Global health and health workforce development: what to learn from COVID‐19 on health workforce preparedness and resilience

Ellen Kuhlmann 1,2,, Gilles Dussault 3, Tiago Correia 3
PMCID: PMC8206822  PMID: 34051109

Abstract

This Special Issue is dedicated to the healthcare workers across the globe. It draws together studies from different disciplines and regions to identify important lessons learned on weaknesses as well as on opportunities for health workforce innovation through a global health lens.
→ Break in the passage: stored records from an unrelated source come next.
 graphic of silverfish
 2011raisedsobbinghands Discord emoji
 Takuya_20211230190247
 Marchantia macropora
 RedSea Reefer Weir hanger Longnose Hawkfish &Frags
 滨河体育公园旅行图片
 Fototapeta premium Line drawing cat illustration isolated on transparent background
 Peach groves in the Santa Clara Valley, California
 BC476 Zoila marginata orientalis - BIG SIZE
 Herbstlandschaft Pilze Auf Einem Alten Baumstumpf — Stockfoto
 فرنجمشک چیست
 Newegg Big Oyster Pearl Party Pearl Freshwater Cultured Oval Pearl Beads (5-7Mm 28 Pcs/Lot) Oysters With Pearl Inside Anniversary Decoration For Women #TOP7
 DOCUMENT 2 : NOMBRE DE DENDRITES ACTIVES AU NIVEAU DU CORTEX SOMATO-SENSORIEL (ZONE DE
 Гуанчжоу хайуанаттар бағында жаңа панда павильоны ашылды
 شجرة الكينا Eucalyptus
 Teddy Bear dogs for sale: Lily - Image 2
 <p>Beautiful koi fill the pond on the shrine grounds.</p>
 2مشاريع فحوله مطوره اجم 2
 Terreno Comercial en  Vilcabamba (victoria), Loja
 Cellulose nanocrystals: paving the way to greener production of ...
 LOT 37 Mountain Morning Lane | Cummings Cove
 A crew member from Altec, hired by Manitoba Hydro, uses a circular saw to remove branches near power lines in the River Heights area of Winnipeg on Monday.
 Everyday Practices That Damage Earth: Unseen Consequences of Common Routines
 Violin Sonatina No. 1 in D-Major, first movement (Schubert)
Beginning with strategic reflections on the role of the health workforce and public health competences in responding to the COVID‐19 pandemic crisis, major themes include the protection and experiences of frontline healthcare workers, the role of health systems and policy, planning and management issues, and education and health labour markets. Developed in collaboration with European Public Health Association ‘Health Workforce Research’ section, the Special Issue contributes to the WHO International Year of Health and Care Workers (YHCW) in 2021 in recognition of their dedication to providing care during the COVID‐19 pandemic, even risking their own health and life.

Keywords: COVID‐19 pandemic, global health, health workforce development, healthcare worker protection, health workforce resilience

1. WHY A SPECIAL ISSUE ON THE HEALTH WORKFORCE IN A GLOBAL PUBLIC HEALTH EMERGENCY?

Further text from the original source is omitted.